1. The surgery itself went great. At least that’s what I’ve been told – it’s not exactly like I was awake – but I believe it’s true since I seem to be healing quite nicely. No fevers, no complications, no infections other than a “maybe UTI”. The abdominal incision looks neat and clean, and last Friday the surgeon took out the staples and replaced them with Steri-Strips. I get to take those off later today.

Even the episiotomy wasn’t that bad, and I was *so* afraid it would be. I mean, it’s definitely tender down below, and the stitches are still there, and it will take a while for them to dissolve. But I was expecting it to be SO. MUCH. WORSE. Obsessing over old stand-up comedy bits like this didn’t exactly help put my mind at ease:

(In all seriousness, though, watch it. It’s Margaret Cho. It’s hilarious. It’s only 3 minutes. It involves the word “Frankenpussy.)

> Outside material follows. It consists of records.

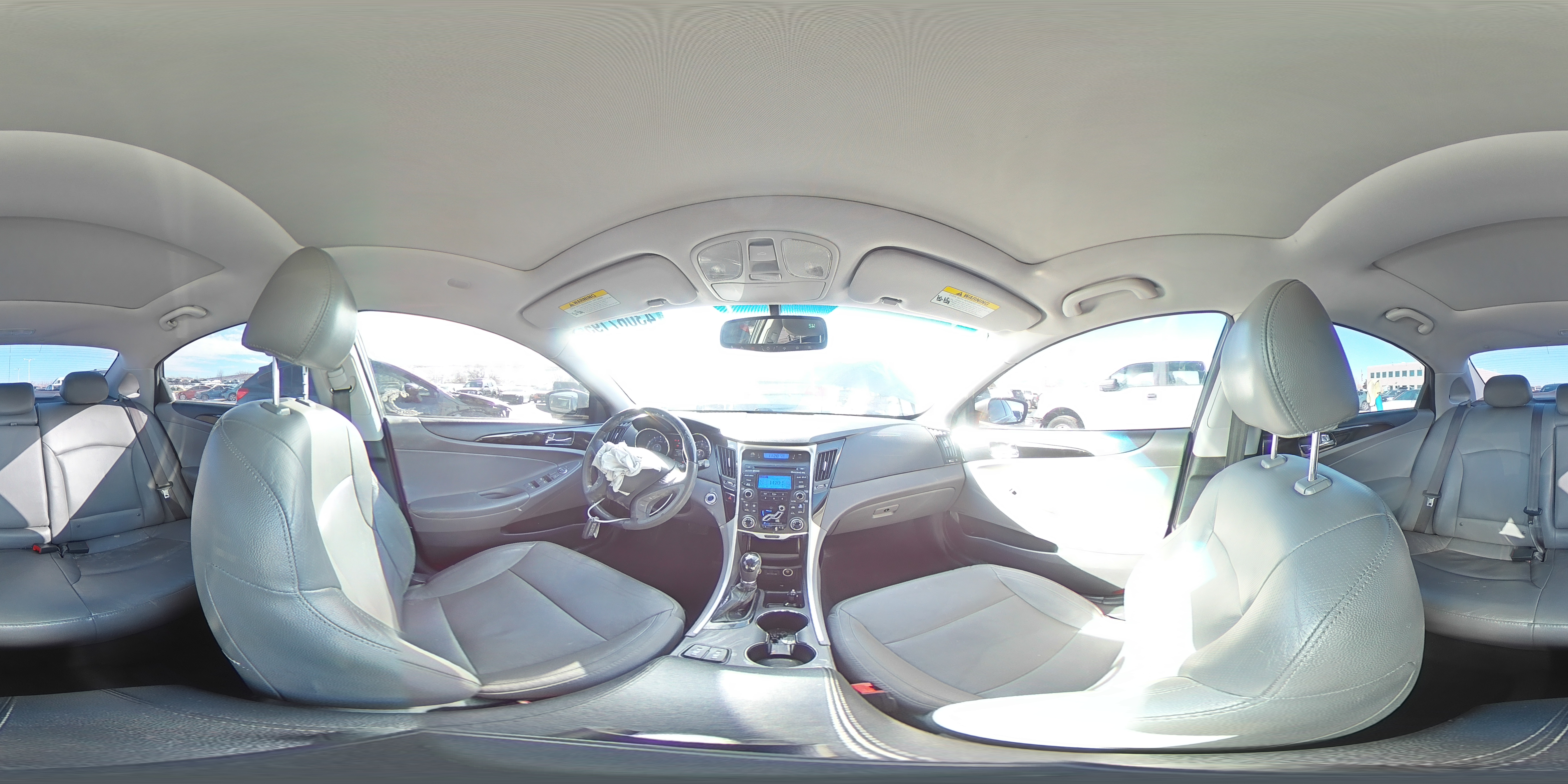 2012 Hyundai Sonata - Image 15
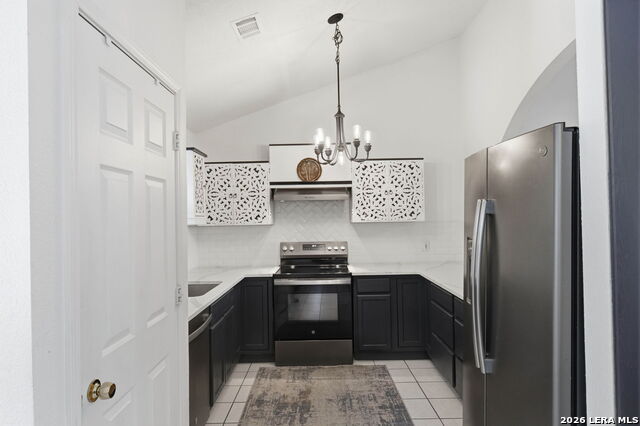 Image 12 of 49 For 3400 Lakeview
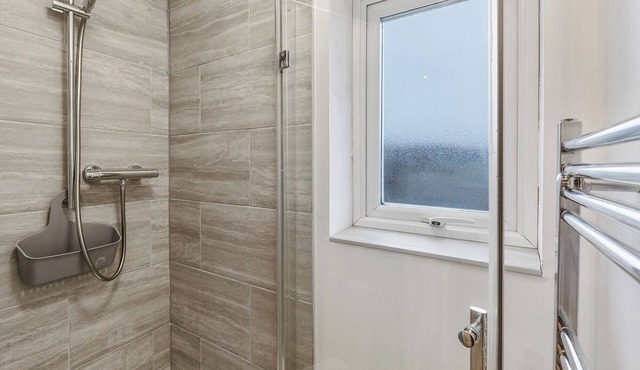 Charming 3-bedroom house with superfast Wi-fi & pool table in delightful Chatham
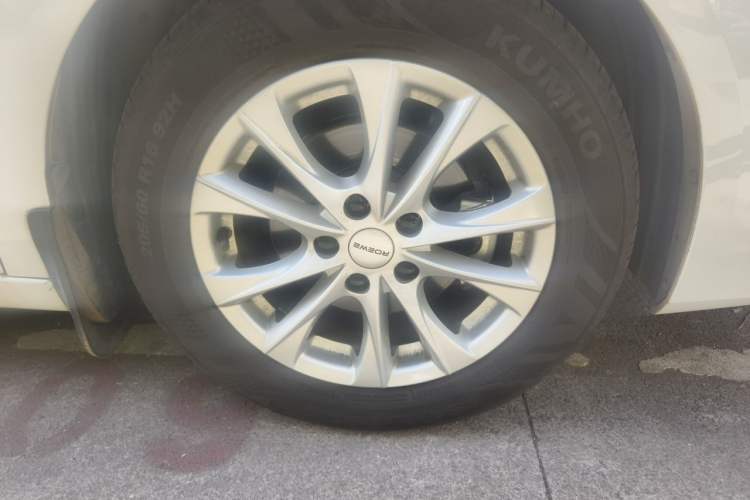 Used Roewe i5 2023 1.5L Manual Comfort Edition Right Front Wheel Hub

So all in all, the procedure went great and the surgeon was excellent. And for that I’m super thankful. If I’m going to have a Frankenpussy, I want it to be the best Frankenpussy there is.

2. For as well as the surgery went, however, the following 24 hours were easily THE WORST 24 HOURS OF MY ENTIRE LIFE. After the spinal anesthesia began to wear off, and I was taken off of my lovely “Do It Yourself Dilaudid” Machine of Goodness, shit began to get REAL. You see, the doctors decided to transition me from the morphine drip to Vicodin pills, which sounded fine in theory, but in reality it DID NOT WORK. Like, literally. The Vicodin did not work. There was no pain relief, not even a little bit. Only a copious amount of OH MY GOD MAKE IT STOP WHY DID I AGREE TO DO THIS TO MYSELF OW OW OW OW OW OWWWWWWwwwwwwwwwwwww.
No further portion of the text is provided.